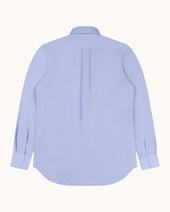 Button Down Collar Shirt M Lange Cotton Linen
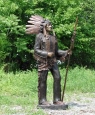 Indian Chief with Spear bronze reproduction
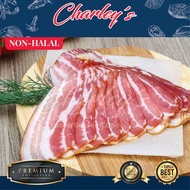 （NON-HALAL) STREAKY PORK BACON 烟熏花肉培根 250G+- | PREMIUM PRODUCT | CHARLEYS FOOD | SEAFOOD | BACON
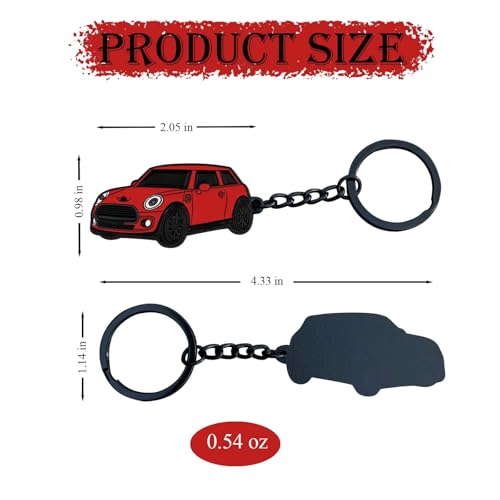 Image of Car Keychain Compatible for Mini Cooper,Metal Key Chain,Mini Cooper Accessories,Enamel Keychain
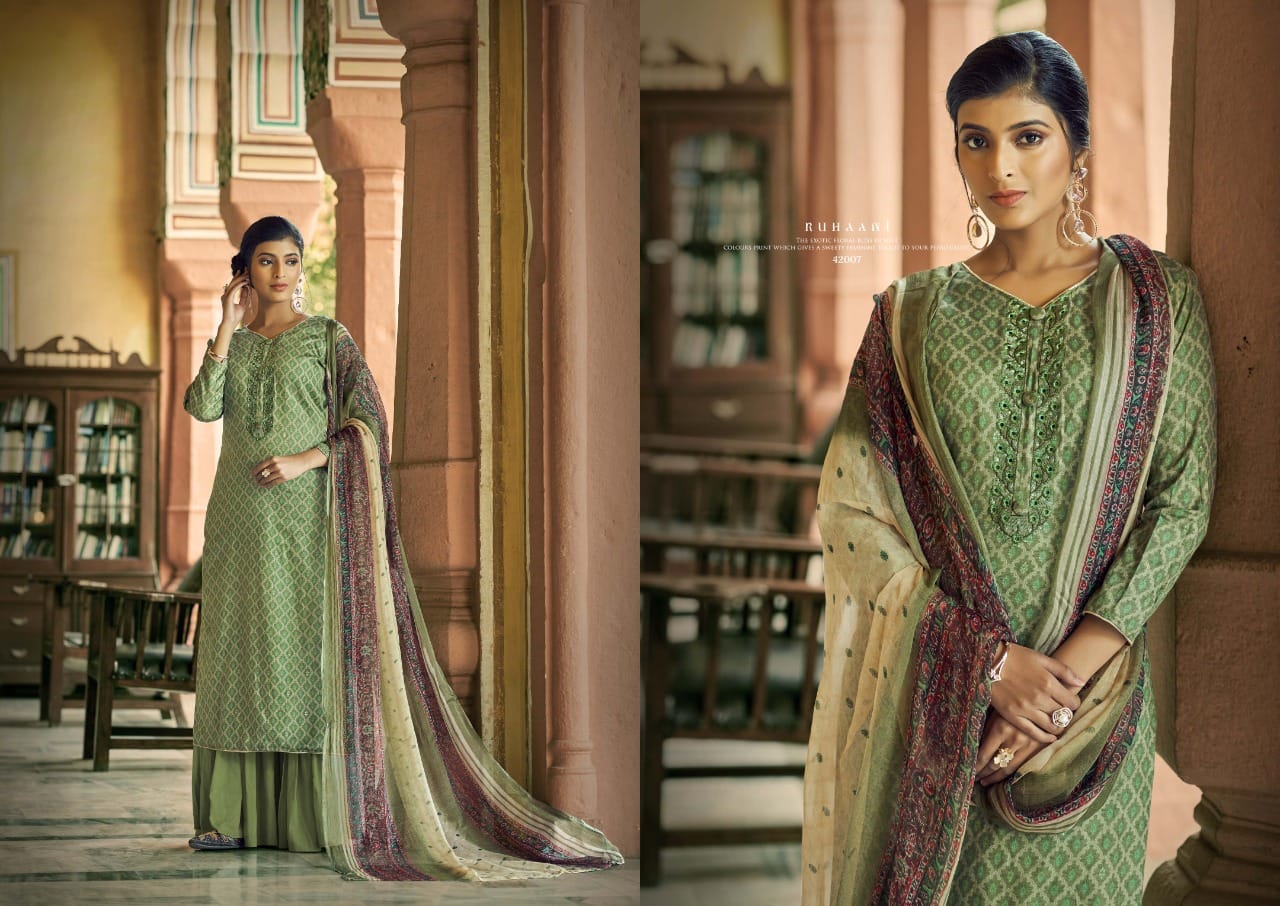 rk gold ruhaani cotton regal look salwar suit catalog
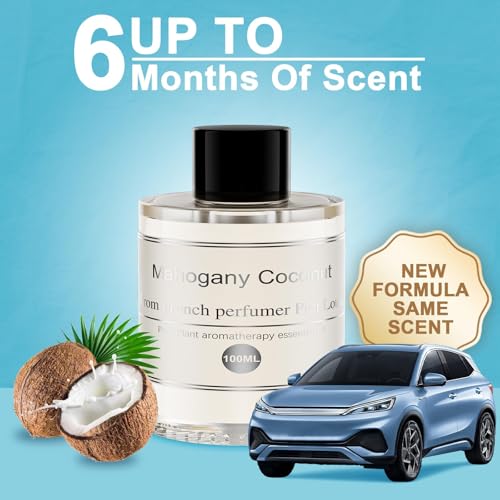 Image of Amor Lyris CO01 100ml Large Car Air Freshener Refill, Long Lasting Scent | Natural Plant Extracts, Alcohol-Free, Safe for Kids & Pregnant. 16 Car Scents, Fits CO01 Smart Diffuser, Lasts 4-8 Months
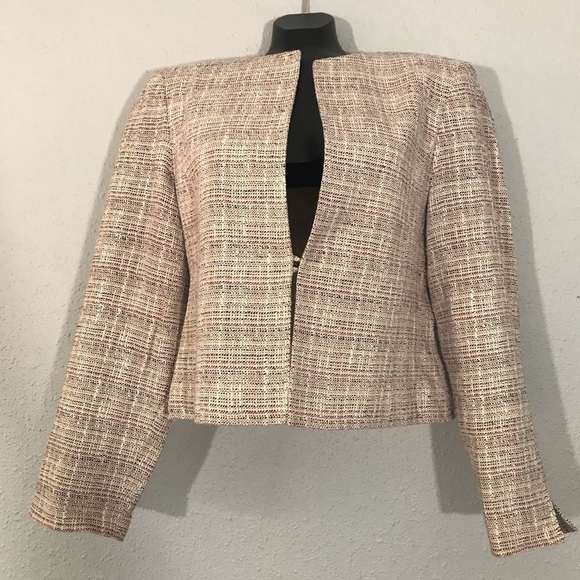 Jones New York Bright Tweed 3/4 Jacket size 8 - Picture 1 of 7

* * *

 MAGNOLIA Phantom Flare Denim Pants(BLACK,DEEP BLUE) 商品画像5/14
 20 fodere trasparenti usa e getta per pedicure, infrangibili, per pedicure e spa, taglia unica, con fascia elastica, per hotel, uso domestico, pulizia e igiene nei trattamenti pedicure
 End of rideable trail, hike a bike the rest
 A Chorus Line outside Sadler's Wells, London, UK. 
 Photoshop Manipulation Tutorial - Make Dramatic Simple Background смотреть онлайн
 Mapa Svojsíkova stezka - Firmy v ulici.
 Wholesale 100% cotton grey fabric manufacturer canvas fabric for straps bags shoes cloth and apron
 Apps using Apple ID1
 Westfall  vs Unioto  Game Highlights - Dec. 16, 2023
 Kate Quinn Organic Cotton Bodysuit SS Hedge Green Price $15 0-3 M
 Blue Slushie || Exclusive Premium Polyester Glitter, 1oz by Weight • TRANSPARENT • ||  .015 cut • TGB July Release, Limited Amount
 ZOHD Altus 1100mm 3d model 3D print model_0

--

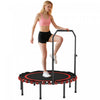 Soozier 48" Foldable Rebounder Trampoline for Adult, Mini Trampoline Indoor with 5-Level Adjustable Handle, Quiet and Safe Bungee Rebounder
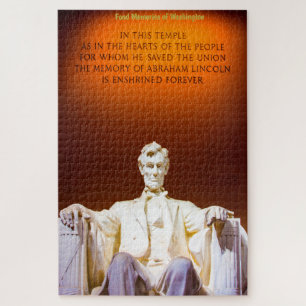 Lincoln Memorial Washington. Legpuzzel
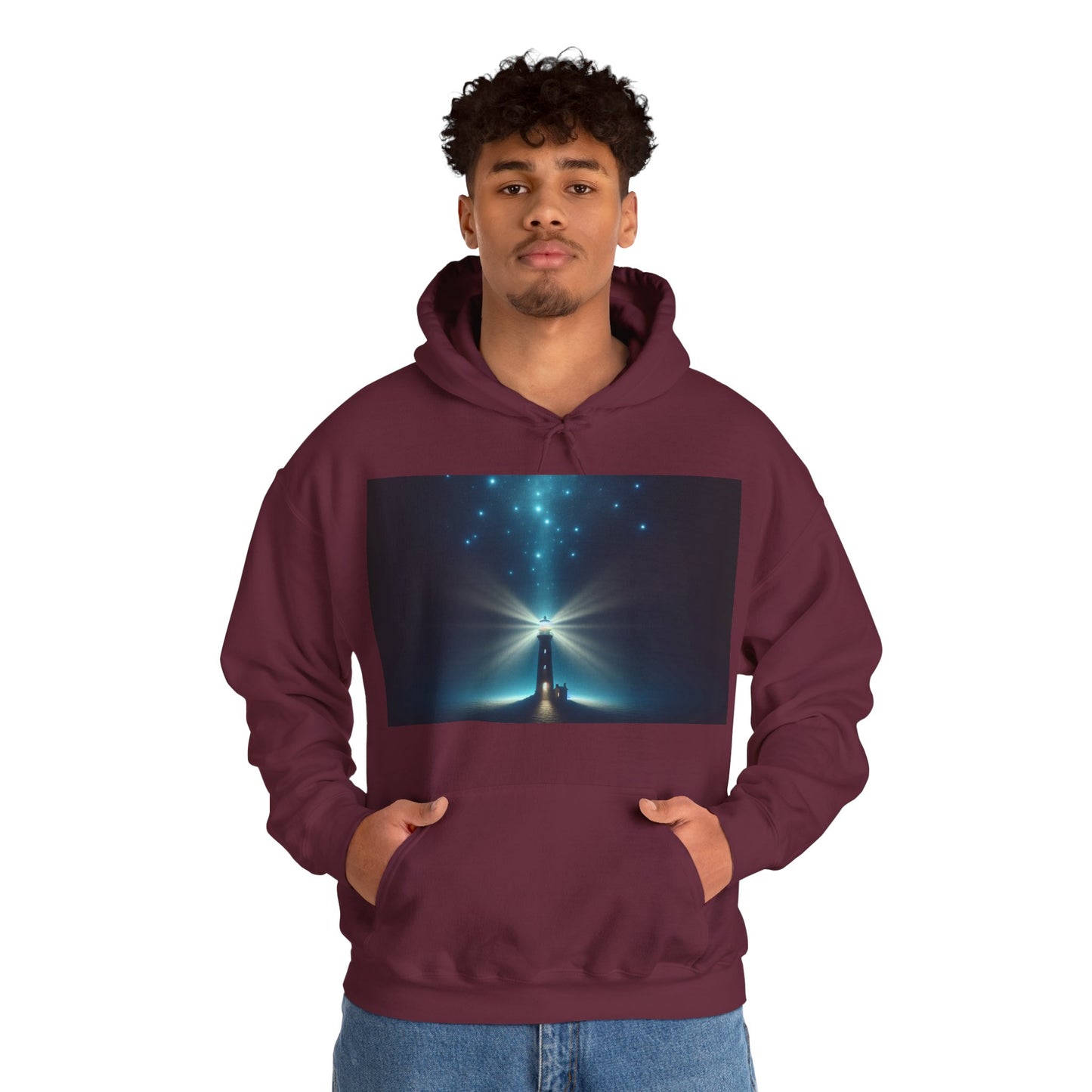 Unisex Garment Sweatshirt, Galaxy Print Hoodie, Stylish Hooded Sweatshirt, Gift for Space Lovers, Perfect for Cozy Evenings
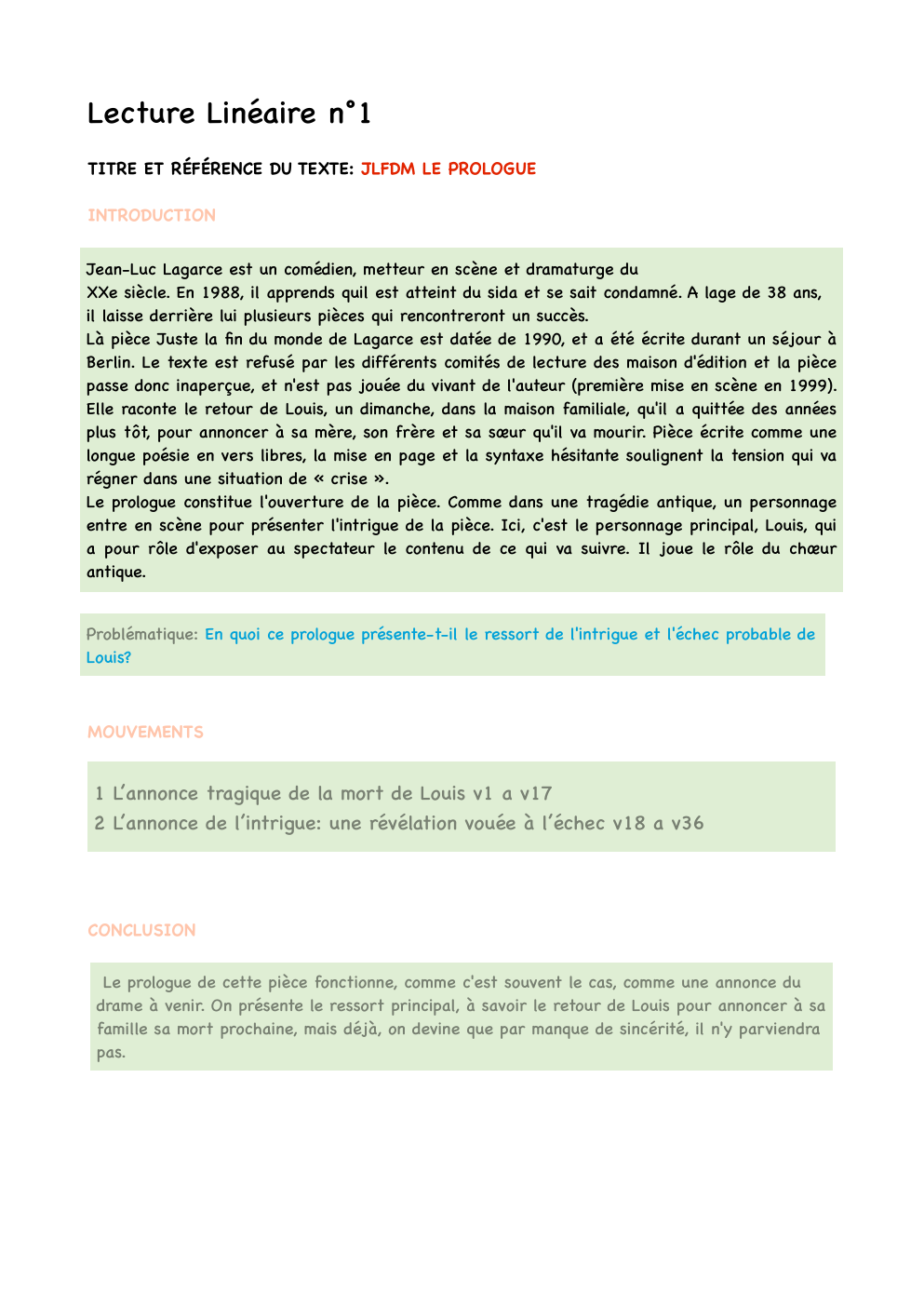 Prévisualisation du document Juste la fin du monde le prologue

- **Task to carry out**
Reproduce the listing above only between the lines holding "rk gold ruhaani" and "Jones New York", inclusive. Every line must match exactly, and pictures are dropped.

- **Result for this task**
 rk gold ruhaani cotton regal look salwar suit catalog
 Image of Amor Lyris CO01 100ml Large Car Air Freshener Refill, Long Lasting Scent | Natural Plant Extracts, Alcohol-Free, Safe for Kids & Pregnant. 16 Car Scents, Fits CO01 Smart Diffuser, Lasts 4-8 Months
 Jones New York Bright Tweed 3/4 Jacket size 8 - Picture 1 of 7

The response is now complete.